◆ **Input data**:
::::

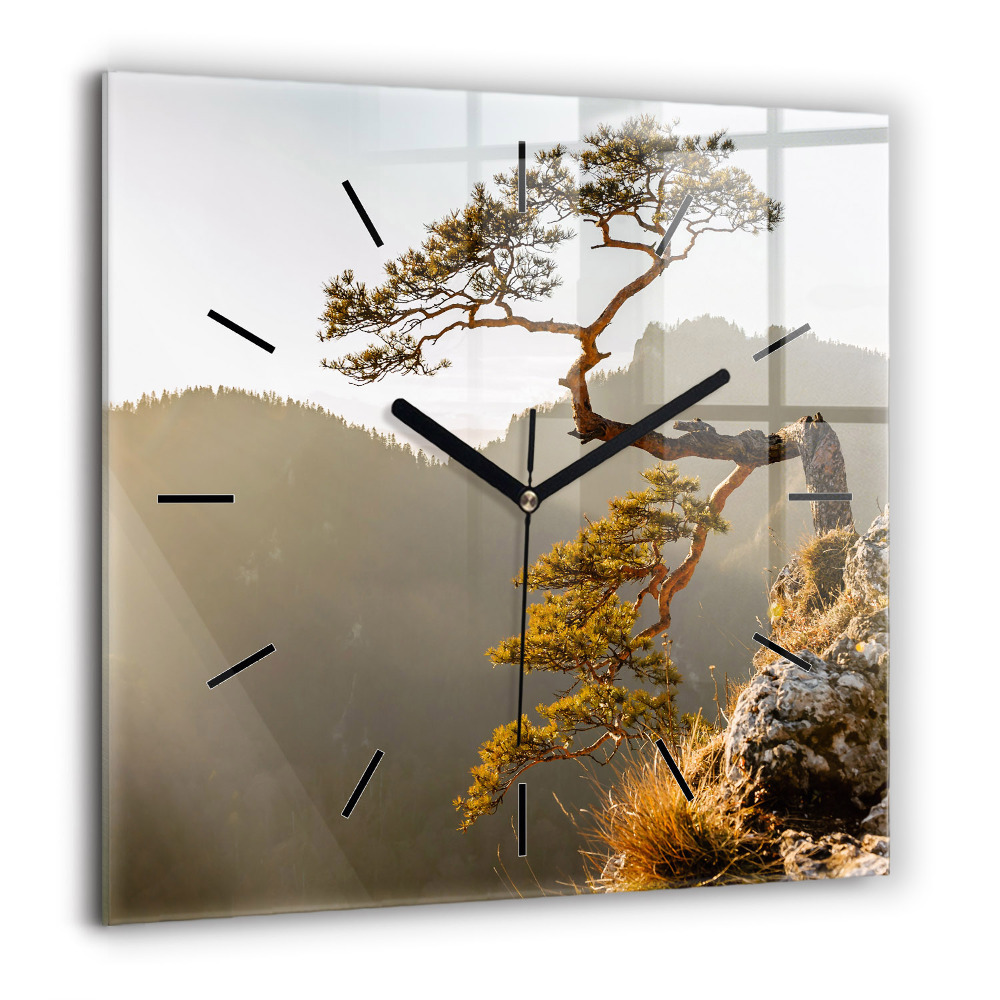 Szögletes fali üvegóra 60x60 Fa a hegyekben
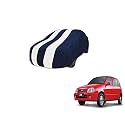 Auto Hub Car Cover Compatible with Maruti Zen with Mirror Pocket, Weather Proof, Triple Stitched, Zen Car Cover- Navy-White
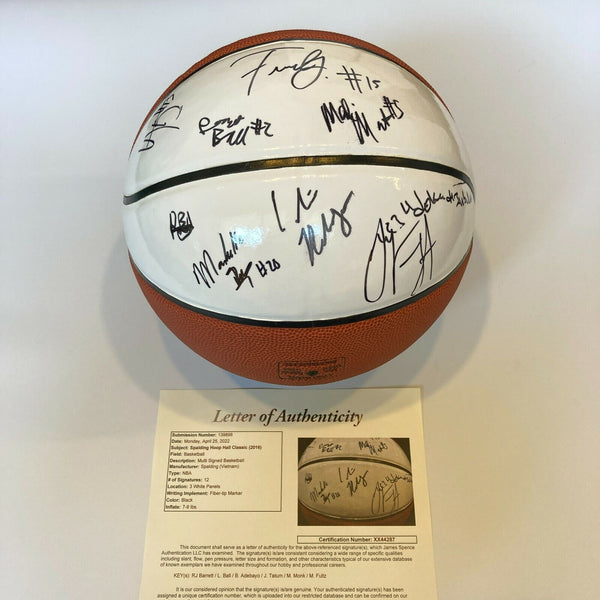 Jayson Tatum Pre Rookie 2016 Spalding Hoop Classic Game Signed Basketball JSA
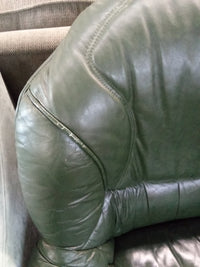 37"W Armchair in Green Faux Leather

::::

◆ **What is needed**:
Restate word for word the lines from the one containing "Auto Hub Car" through the end of the material above, both included, and nothing besides; drop the pictures.

◆ **Output**:
 Auto Hub Car Cover Compatible with Maruti Zen with Mirror Pocket, Weather Proof, Triple Stitched, Zen Car Cover- Navy-White
 Jayson Tatum Pre Rookie 2016 Spalding Hoop Classic Game Signed Basketball JSA
 37"W Armchair in Green Faux Leather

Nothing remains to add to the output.